• _Activity_
Only the lines from the one containing "Step 2: Install" to the end of the records belong in the copy. Reproduce them word for word and drop the pictures.
BEGIN
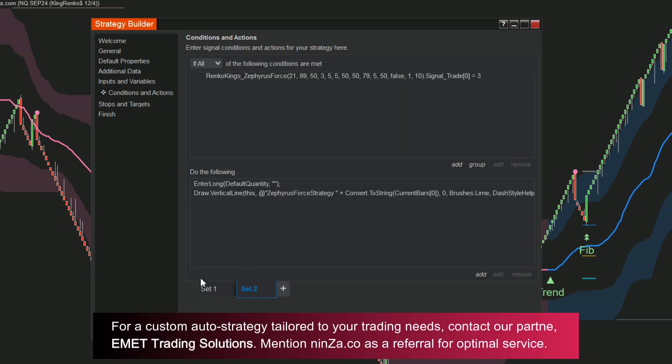For Sell Sets, duplicate either Set 1 or Set 2 and modify the sell conditions.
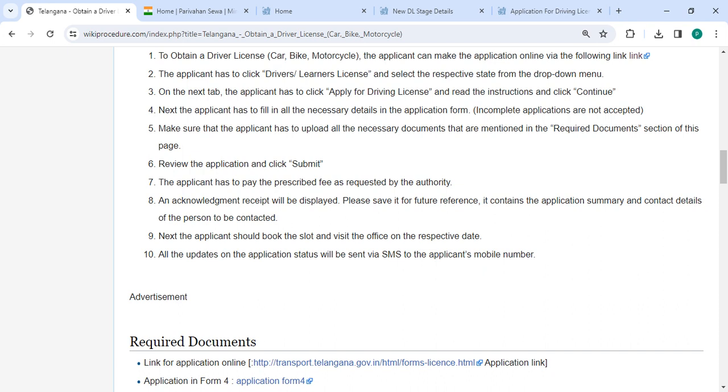Next, you should book a slot and visit the office on the respective date. All updates on the application status will be sent via SMS to your registered mobile number.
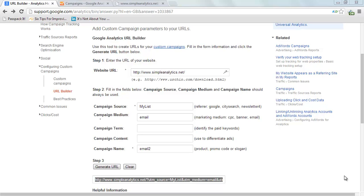You probably spend a lot of time writing emails to your list. So it's really important to understand what happened when they got the email and clicked on that link. What happened on your website? Did they actually convert? Did they actually buy your product? Did they actually do what you want them to do?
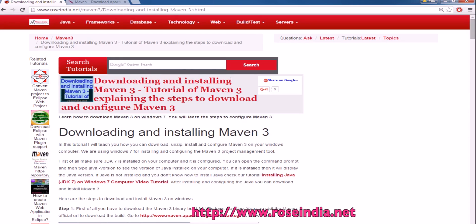Downloading and installing Maven 3. In this video tutorial, I will teach you how you can download Maven 3, then install it on your computer, and finally configure Maven 3 so that you can use it from the command prompt.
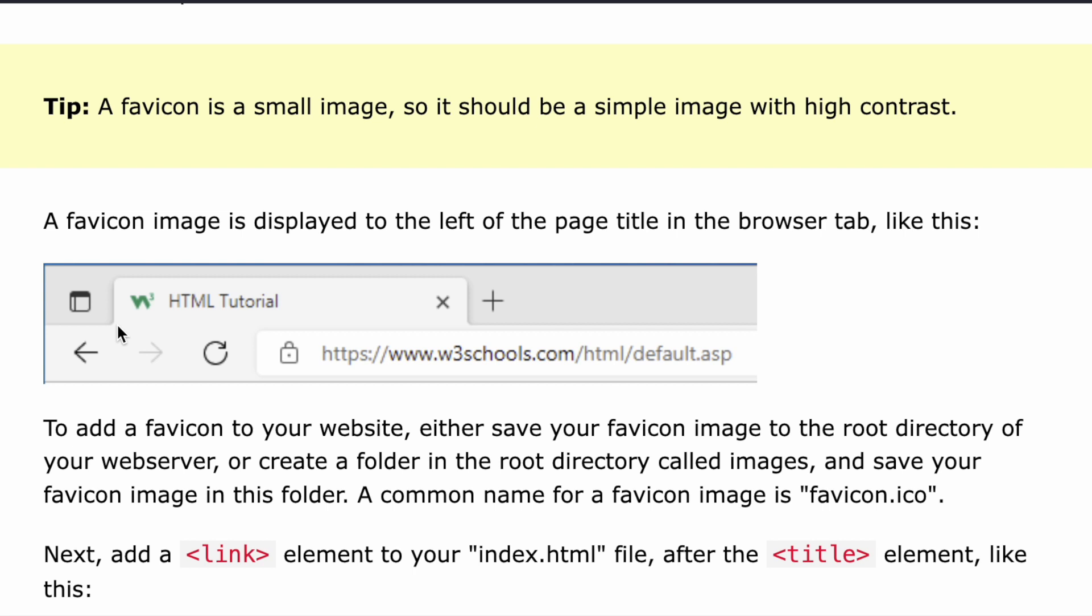In the next lecture I'll be discussing page title and I'll meet you in the next lecture. Thank you.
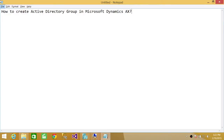Welcome to Tech Brothers. In this video, we're going to learn how to create an Active Directory Group in Microsoft Dynamics AX. Just to let you know, if you create an Active Directory Group in Microsoft Dynamics AX, it makes the security handling really easy.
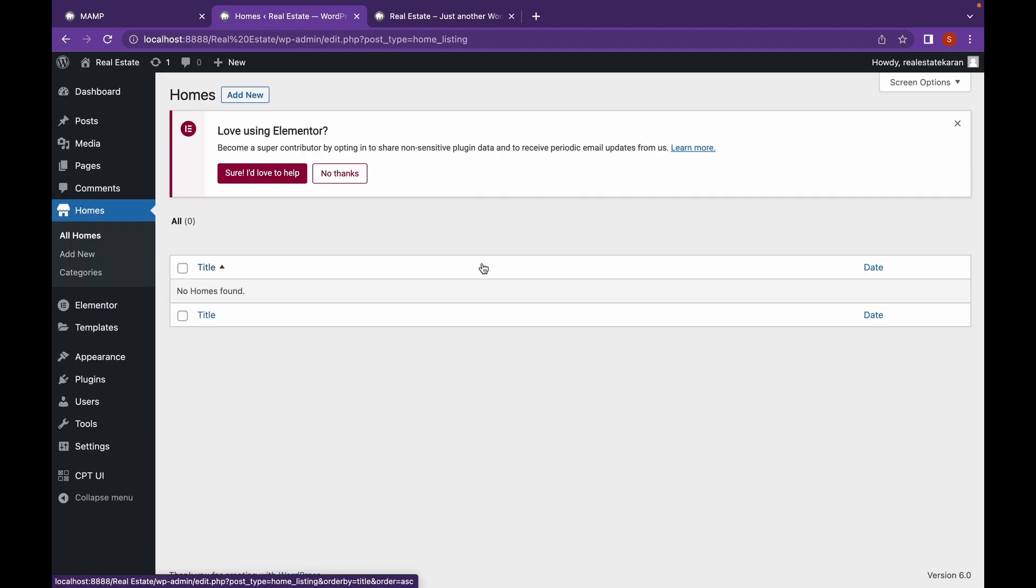So, as you can see we have created a custom post type and a taxonomy called categories.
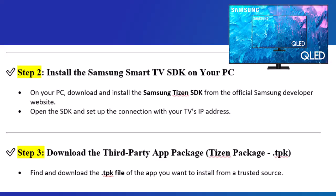Step 2: Install the Samsung Smart TV SDK on your PC. Download and install the Samsung Tizen SDK from the official Samsung Developer Website. Open the SDK and set up the connection with your TV's IP address.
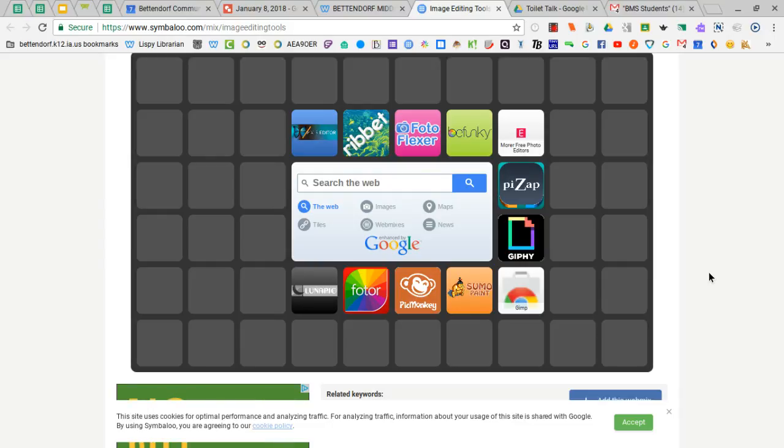Although some of them do offer paid subscriptions, with the free accounts with any of these tools, there's plenty of free stuff that you can use.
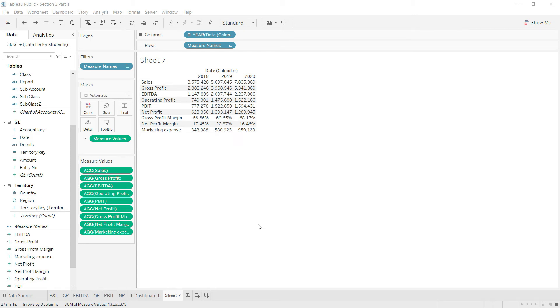Now that we have calculated some of the ratios like gross profit margin and net profit margin, you may be willing to calculate even more ratios like asset turnover or return on capital employed or return on equity.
END
• _Expected output_
Step 2: Install the Samsung Smart TV SDK on your PC. Download and install the Samsung Tizen SDK from the official Samsung Developer Website. Open the SDK and set up the connection with your TV's IP address.
Although some of them do offer paid subscriptions, with the free accounts with any of these tools, there's plenty of free stuff that you can use.
Now that we have calculated some of the ratios like gross profit margin and net profit margin, you may be willing to calculate even more ratios like asset turnover or return on capital employed or return on equity.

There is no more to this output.